John Gibson: Yeah, just to add on to that, I think, again, every business has — we have a rhythm and the third quarter is a critical — that’s our selling season. And so, what the macroenvironment will be in the third quarter, fourth quarter, those are all the things we are trying to guess. I think what I would characterize it at this point in time is when we left the fourth quarter, I talked about the second half of our last fiscal year, we actually saw new sales bookings, both in Management Solutions and the PEO and Insurance accelerating. We continue to see that double-digit momentum in the first quarter, HR outsourcing, ASO and PEO, strong mid-market in the quarter, retirement is strong, digital payroll is strong. So, when we look at the demand environment, then we look at the employment environment with our index and what we are seeing the first quarter set-up to be kind of a repeat and continuation of what we saw in the second half and particularly the fourth quarter.
Now as it relates to the PEO business as we talked about the insurance is a portion of that, insurance attachment is part of the reason why we have a little bit of a wider range. What you have to determine there is, how many companies continue to offer benefits to their employees? That’s the first choice. The second choice is, how many of those employees sign up for Health Insurance, and what plans do they sign up for? Now, we are only a quarter way through that decision process, which really is already started, about 25% of the way through. What I would say at this 25% away, we are running a little bit on par, where we expected. I mean if that continues, I think that’s what gives us confidence in the back half. But again, I still got three quarters of that process left and again, I want to be predictable relative to what we should expect.

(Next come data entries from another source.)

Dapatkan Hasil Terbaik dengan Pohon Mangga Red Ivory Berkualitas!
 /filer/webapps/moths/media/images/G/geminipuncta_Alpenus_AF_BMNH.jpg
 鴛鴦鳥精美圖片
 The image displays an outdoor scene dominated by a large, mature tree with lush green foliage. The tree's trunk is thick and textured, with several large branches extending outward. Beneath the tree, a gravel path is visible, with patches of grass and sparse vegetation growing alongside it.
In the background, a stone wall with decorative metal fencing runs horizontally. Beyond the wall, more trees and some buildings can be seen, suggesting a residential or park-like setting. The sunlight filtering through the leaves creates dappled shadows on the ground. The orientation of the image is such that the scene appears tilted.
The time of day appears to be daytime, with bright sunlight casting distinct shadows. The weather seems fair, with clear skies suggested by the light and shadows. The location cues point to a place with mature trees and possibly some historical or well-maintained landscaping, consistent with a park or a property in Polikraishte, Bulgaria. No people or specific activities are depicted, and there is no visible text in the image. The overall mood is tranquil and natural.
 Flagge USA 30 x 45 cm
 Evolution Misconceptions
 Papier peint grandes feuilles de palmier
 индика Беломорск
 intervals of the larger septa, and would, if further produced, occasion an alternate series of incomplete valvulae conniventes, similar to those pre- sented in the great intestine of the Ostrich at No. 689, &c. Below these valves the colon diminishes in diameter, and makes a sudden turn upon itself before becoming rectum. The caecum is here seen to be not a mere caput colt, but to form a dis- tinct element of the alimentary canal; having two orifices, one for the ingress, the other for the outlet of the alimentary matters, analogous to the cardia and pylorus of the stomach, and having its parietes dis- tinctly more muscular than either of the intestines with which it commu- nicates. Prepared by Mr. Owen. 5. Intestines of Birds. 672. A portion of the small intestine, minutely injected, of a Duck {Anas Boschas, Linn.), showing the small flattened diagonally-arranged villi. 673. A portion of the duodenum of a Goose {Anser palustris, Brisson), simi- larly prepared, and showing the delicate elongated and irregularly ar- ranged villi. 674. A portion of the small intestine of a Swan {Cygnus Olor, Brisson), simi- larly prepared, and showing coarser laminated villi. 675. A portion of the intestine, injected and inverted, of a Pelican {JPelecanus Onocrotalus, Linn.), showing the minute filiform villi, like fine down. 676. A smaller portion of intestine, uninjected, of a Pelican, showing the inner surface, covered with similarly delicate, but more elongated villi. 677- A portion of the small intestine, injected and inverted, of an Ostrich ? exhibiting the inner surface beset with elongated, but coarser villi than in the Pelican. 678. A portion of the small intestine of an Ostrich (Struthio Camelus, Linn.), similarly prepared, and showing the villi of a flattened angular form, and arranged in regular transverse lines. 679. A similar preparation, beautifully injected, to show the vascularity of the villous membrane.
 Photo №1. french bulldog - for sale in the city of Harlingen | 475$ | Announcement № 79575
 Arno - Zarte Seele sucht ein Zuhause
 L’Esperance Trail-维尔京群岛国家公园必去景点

And so, we are being, I think prudently cautious in making sure that we are executing both Management Solutions, we are taking advantage of the opportunities in the marketplace, and then in the POE and Insurance, making sure we are doing what we need to do to make sure we have a successful open enrollment and drive insurance attachment.
Ashish Sabadra: That’s a great color. And maybe if I can just ask a quick follow-up question on the commentary on the PEO side on the improved insurance attach rate. Obviously, last quarter you had also talked about a leaner product and I was wondering if that’s driving better adoption or you are seeing just better adopt — demand or stronger demand for insurance product? Thanks.
John Gibson: Yeah. So, I would say that there is a multitude of things that we probably tweaked every aspect of how we approach the insurance, both in terms of analytics of what we are doing relative to targeting customers that we think can drive — we can drive value proposition there. We’ve changed the technology. We’ve changed our advisory approach, and we’ve expanded the products — choices that both employers and employees can have. We’ve improved our educational tools in that process. We got a lot more engagement with our HR advisors, with clients around that. So, I would say, across the board after what we experienced a year ago in the first quarter, we’ve looked at every aspect of it and the team has really done a great job there and just re-imagining how we need to approach this.
And again, we are only 25% of the way through, but we are seeing results from those activities. And, I do think demand for insurance, and I think it’s going to be interesting. We were very pleased with our renewals. I mean, if you read in the general press right now, you will see that there is a degree of health inflation, and when that occurs, we do typically see more customers shopping for alternatives that we think we have a good value proposition there.
Ashish Sabadra: That’s a great color. Thank you.
Operator: And we’ll take our next question from Scott Wurtzel with Wolfe Research. Your line is open.
Scott Wurtzel: Great. Good morning, guys, and thanks for taking my question. Maybe just going back to the acquisition. I’m just wondering if you could maybe give a little bit more color on the strategic rationale behind it and sort of said another way, like why now with this deal, and maybe relative to some of the other targets that you were looking at? Thanks.
Efrain Rivera: Well, I’ll bracket it in three ways. The first thing is that, as John alluded to or said earlier, the ability for small businesses to access funding — in small and medium size, I should say, access funding is important. So, we had our eyes on looking to build our capability in that area. The second thing is, acquisitions are, as you would know, they don’t always present themselves with exactly the timing which you would expect them to, and when an opportunity arises and you do what you need to do to take advantage of it. We saw an opportunity for high-quality asset and decided that it was the right time. And I would say the third is that, it’s an interesting environment for small businesses, so where access to funding opportunities is becoming more tricky given what has happened with banks and with rising interest rates.
So, we think the timing seemed to fit pretty well. And again, I don’t spend too much time. It’s a relatively modest acquisition based on our revenue side, but we think we’ve had a lot of success with our Paychex Advance acquisition, and it’s a very profitable corner of the market. And we think we can do the same thing with the company that we bought, called the [indiscernible] by the way.